The Church that Died

Jun 29, 2023 by

by Campbell Campbell-Jack, A Grain of Sand:

The church must ‘change or die’, or so say progressive Christians. The core of their argument is that if the church resists the demands of the modern world it will be doomed to irrelevance.

This might have some force if the evidence bore it out. However, those denominations which have gone the furthest with the progressive programme have seen a fatal decline in numbers of worshippers and clergy, along with a distortion of liturgical practice.
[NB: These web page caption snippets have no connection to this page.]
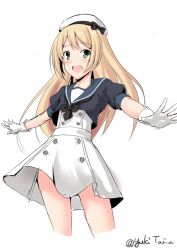 Rule 34 | 1girl, blonde hair, blue eyes, blue sailor collar, cropped legs, dress, gloves, hat, highres, jervis (kancolle), kantai collection, looking at viewer, open mouth, outstretched arms, sailor collar, sailor dress, sailor hat, short sleeves, simple background, smile, solo, taira yuuki, twitter username, white background, white dress, white gloves, white hat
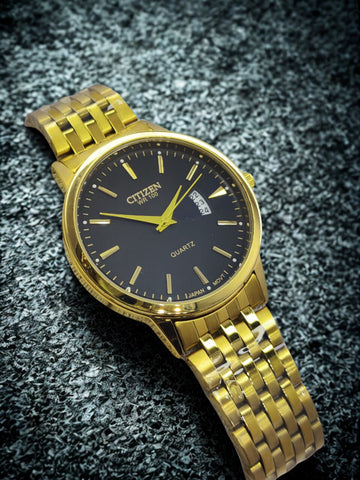Classic Gold Citizen WR 100 Quartz Men's Premium Quality Watch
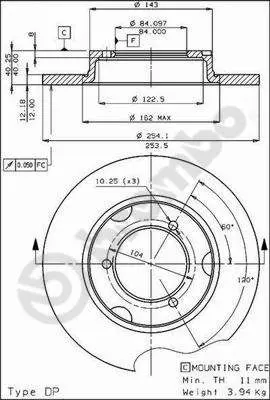 Handler.Part Brake disc BREMBO 08228410 1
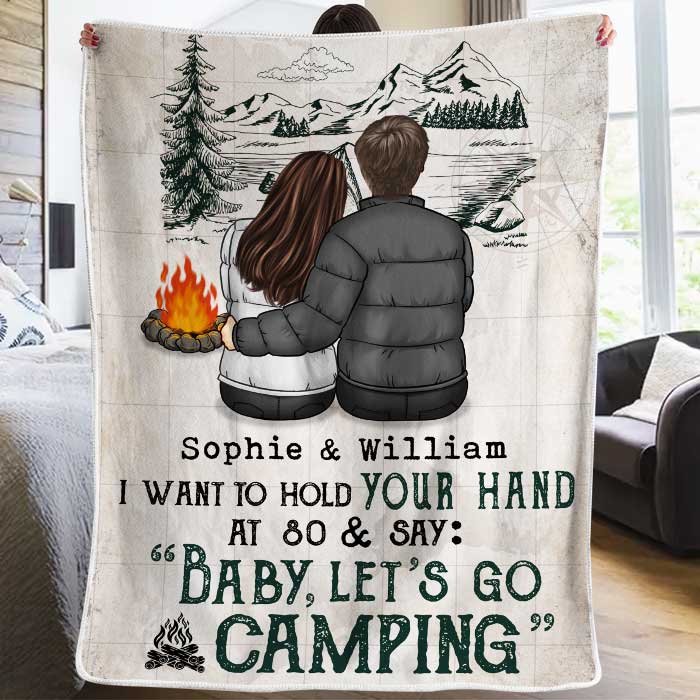 I Want To Go Camping With You At 80 - Gift For Camping Couples, Personalized Blanket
To reach the world with the saving news of Christ, the church has to present the unchanging gospel in a way which people understand and which addresses their needs. It is when understanding the surrounding culture becomes adapting to and even adopting the surrounding culture that the church destroys itself.

A Dying Church

The clearest example of this is probably the most progressive church in the West, the Episcopal Church (TEC) in the US. It has gone much further than most mainstream denominations elsewhere, and is paying the price. According to TEC’s executive council and reported in the excellent Virtue Online, in 2021 the number of funerals, (23, 127) outweighed the number of baptisms (13,859) by nearly two to one. Six dioceses had no children confirmed, one diocese had no baptisms, child or adult. In the meantime hundreds of parishes are unable to find priests. Total average attendance has dropped by 24.7% percent from 2008 to 2021. The Episcopal Church is dying, if not dead.